Occasionally all the insecurities can get a little irritating. You know what I’m talking about, the sulky, undersexed indie-rock of the young and prematurely depressed – always writing dawdling love songs pointed inward, stuck at the age of 17 forever. Sure it can be nice, and provide some comfort in the wee hours of the morning, but occasionally we need something more; something massive, something dichotomous, and arguably, something a little silly.

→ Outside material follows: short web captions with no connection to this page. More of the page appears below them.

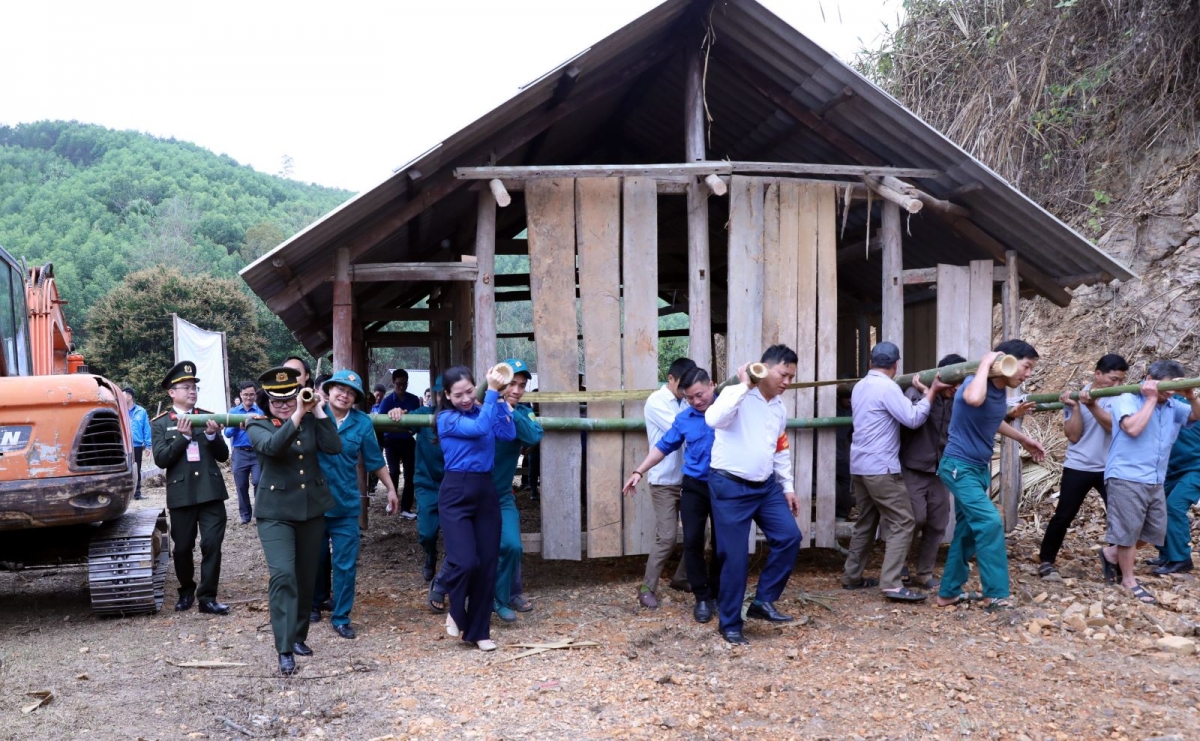 Tuyên Quang: Phát động tháng cao điểm hoàn thành xóa nhà tạm, nhà dột nát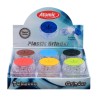 Atomic 212521 - Grinder Plastica 3 Piani D.48mm Display 12 pz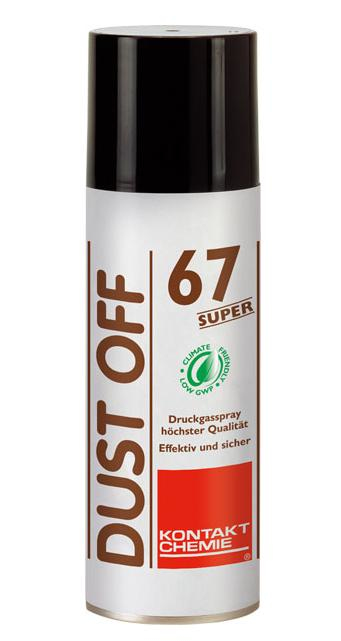 Kontakt Chemie DUST OFF 67 SUPER 400 ml kontaktspray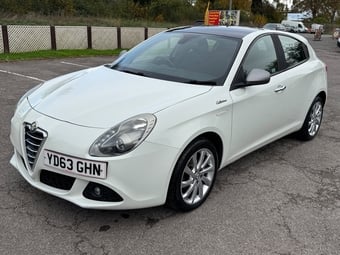Alfa Romeo Giulietta 2013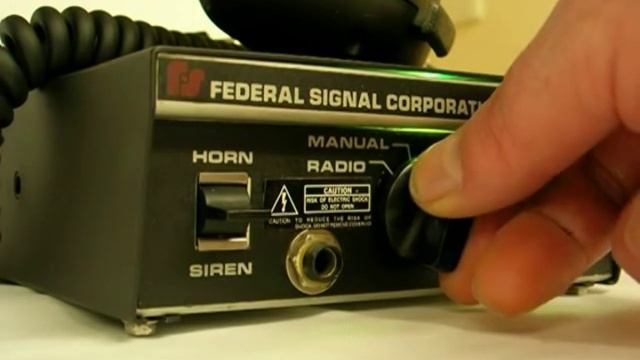 Federal Signal PA300 12V 58 -100W смотреть онлайн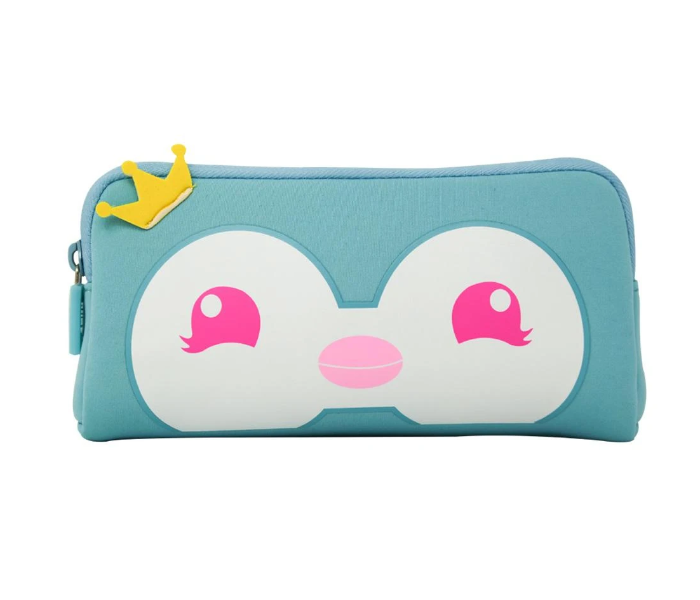 Smily Kiddos Fancy Penguin Pencil Case - Blue 1 in UAE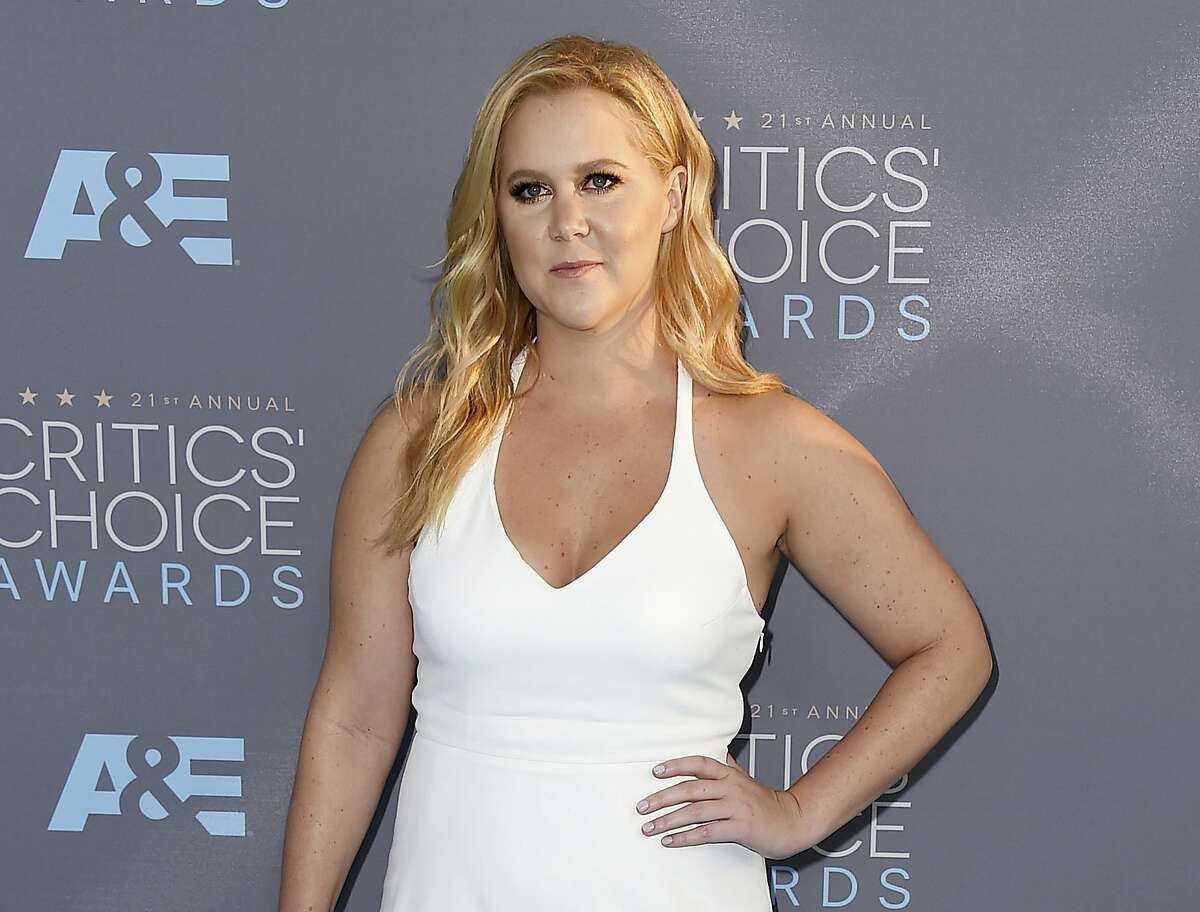 Amy Schumer The comedian has made news a few times in this election, including a Florida show in October where about 200 people walked out and booed her after a joke at Trump’s expense. As for where she might go if Trump wins, Schumer told the BBC, "My act will change because I'll need to learn to speak Spanish because I will move to Spain, or somewhere. It's beyond my comprehension if Trump won. It's too crazy."  (Photo by Jordan Strauss/Invision/AP, File)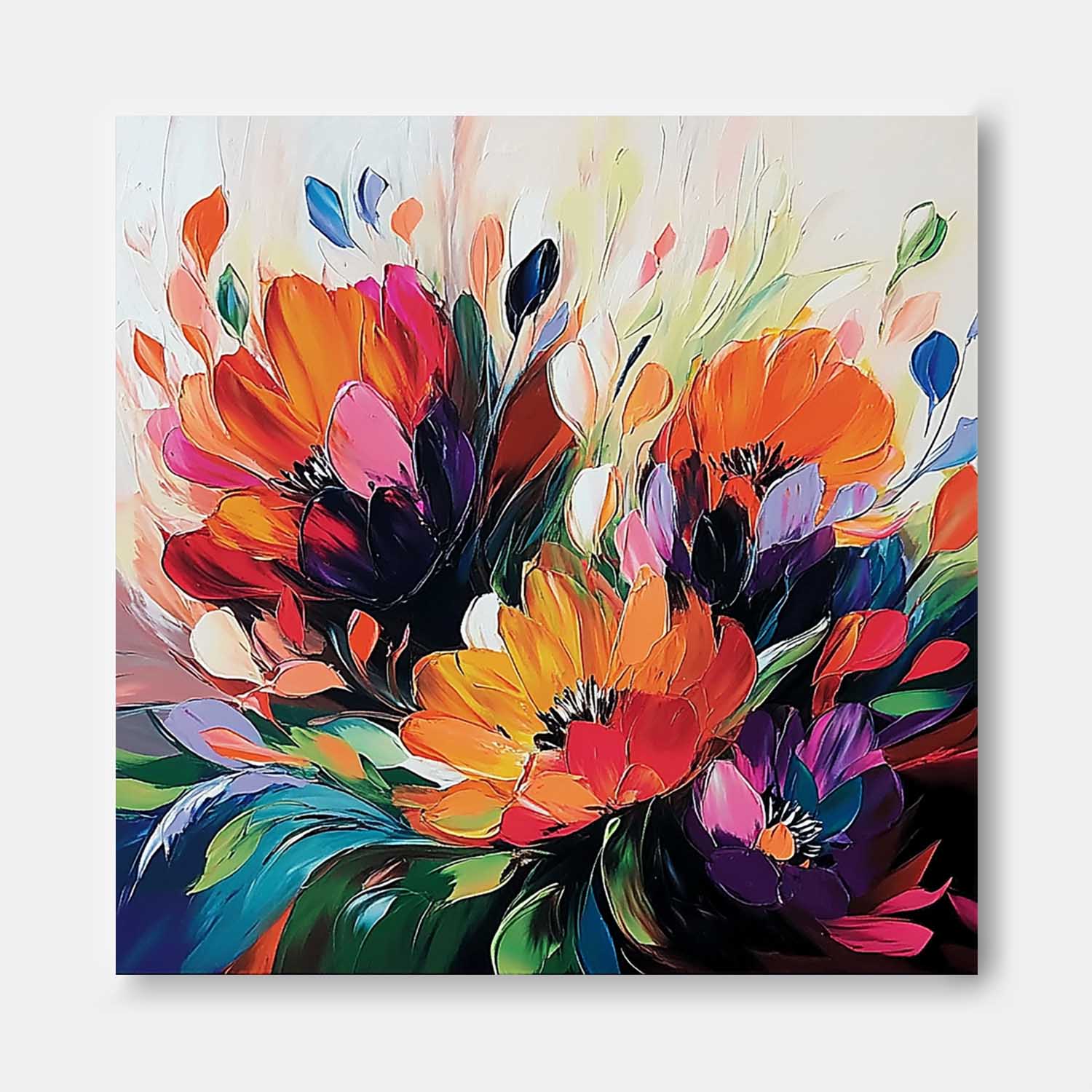 Flower Canvas Art FL206 - Neutralighting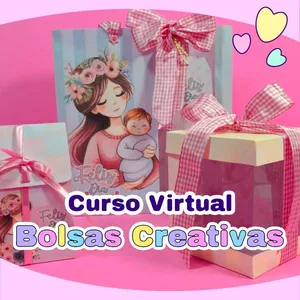 Imagen de portada para Curso online Curso Bolsas Creativas 
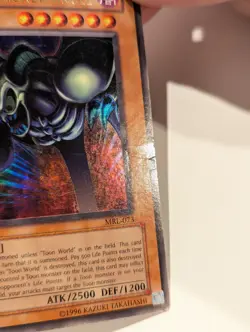 Toon Summoned Skull MRL-073 Magic Ruler Unlimited MP - Image 3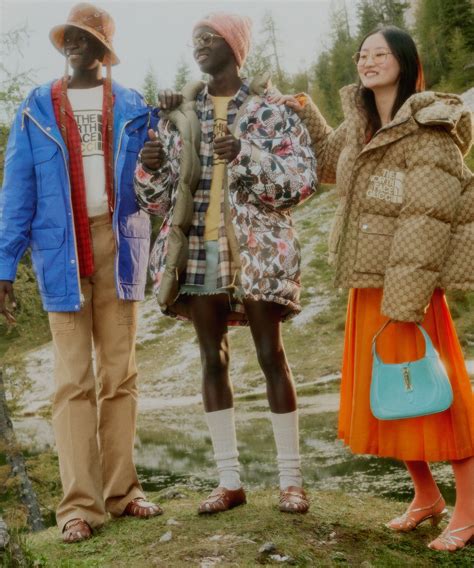 gucci and the north face collab|north face x Gucci outlet.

And we can all probably admit that Cherish the Light Years is a little silly. It’s such an externalized tribute to 80s dramatics that the former lo-fi goths of Cold Cave look more like an amphetamine’d David Bowie. Within the first second the record blasts off into ‘The Great Pan is Dead’ which is swollen with such cinematic love it practically transports the listener into the aimless vagabond most of us indie kids were in our school years. It never slows down either, ‘Pacing Around The Church’ is equally as high-impact; ‘Catacombs’ is in league with the great Cure synth-ballads of the world; and the chugging thespian ridiculousness of ‘Burning Sage’ is utterly preposterous, in the best ways possible. This record uses 8 songs of highly-nostalgic, incredibly compacted electro-goth to blow away all of those aforementioned insecurities with the sheer, uncontrolled, overrunning potency of teenaged love.
But the reason Cherish the Light Years transcends “anglophelic closed-in theater kids with SERIOUS OPINIONS about Bauhaus” and into “genuinely great record” is Wesley Eisfold. The singer-songwriter has a knack for avatar-rock grandiosity, in line with the stadium-crashing champions of the world. His swallowing voice towers over every other sound on the album, and although most of his ideas are copied from older bands, he certainly looks good as an impersonator. It’s as if we took the best of these qualities, the Bowie swagger, the Smith sensuality, the Murphy grimness and the Gahan theatrics and combined them in an amalgamation of powerful, by-the-throat pop. Cold Cave’s bombastic intensity comes at a time where there simply isn’t enough people playing music that demands to be heard.